TASK OBJECTIVE> Leave the pictures in the listing below aside and reproduce exactly the lines starting with the one with "Arsène et Les" and going on through the one with "Big Dot of Happiness", both ends included.

GIVEN DATA>
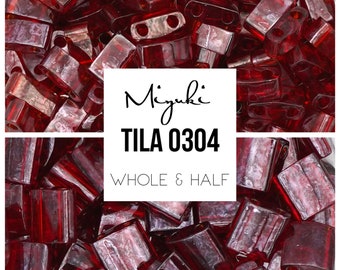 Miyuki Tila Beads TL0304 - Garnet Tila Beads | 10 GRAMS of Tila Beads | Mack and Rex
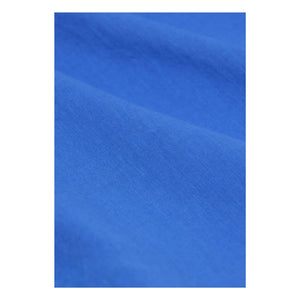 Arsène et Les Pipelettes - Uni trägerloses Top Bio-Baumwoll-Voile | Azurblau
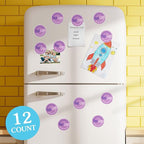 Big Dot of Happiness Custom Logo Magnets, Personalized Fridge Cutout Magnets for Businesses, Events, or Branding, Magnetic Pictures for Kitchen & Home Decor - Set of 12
==
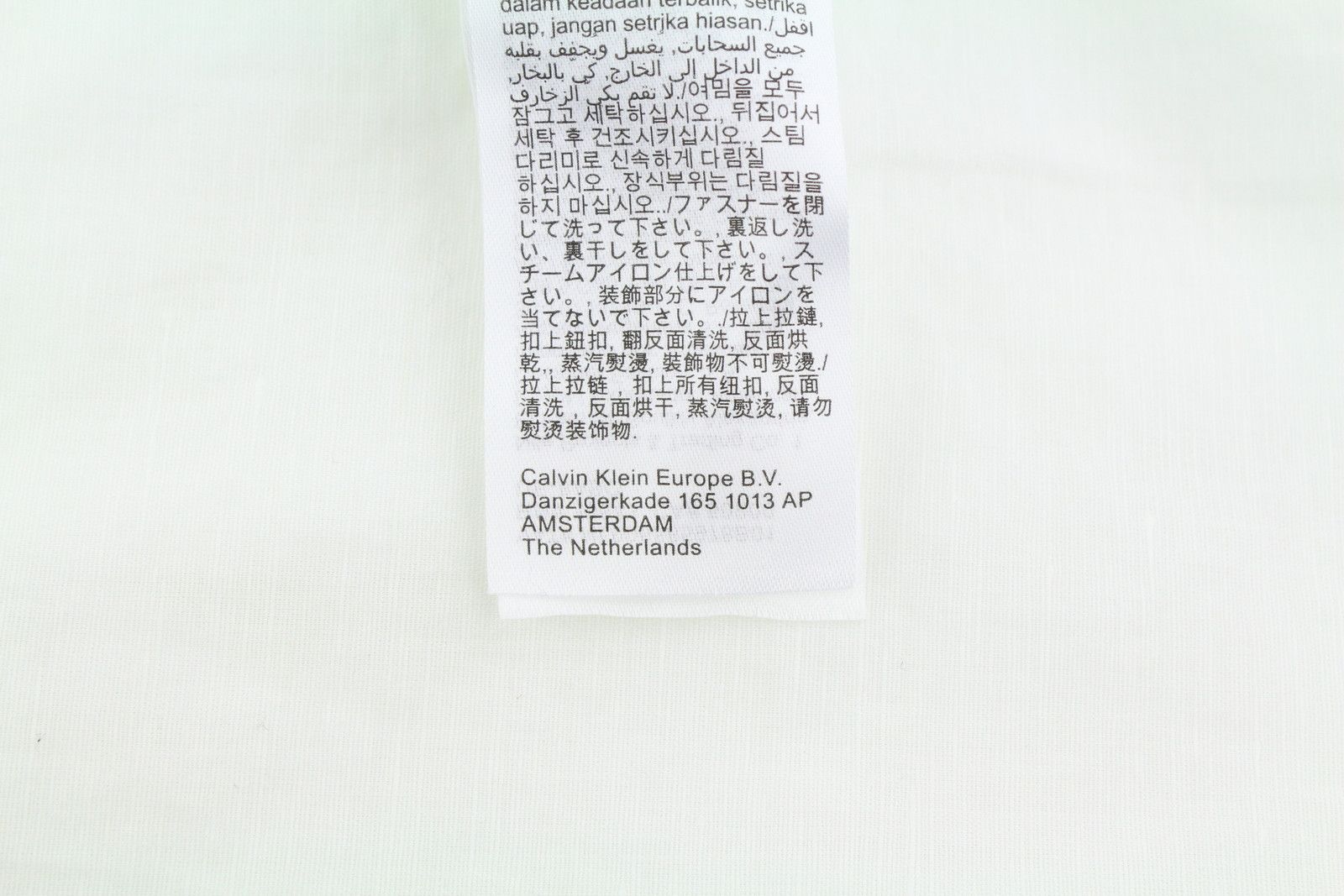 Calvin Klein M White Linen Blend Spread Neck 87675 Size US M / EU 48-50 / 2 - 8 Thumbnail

ANSWER TO THIS PROBLEM>
 Arsène et Les Pipelettes - Uni trägerloses Top Bio-Baumwoll-Voile | Azurblau
 Big Dot of Happiness Custom Logo Magnets, Personalized Fridge Cutout Magnets for Businesses, Events, or Branding, Magnetic Pictures for Kitchen & Home Decor - Set of 12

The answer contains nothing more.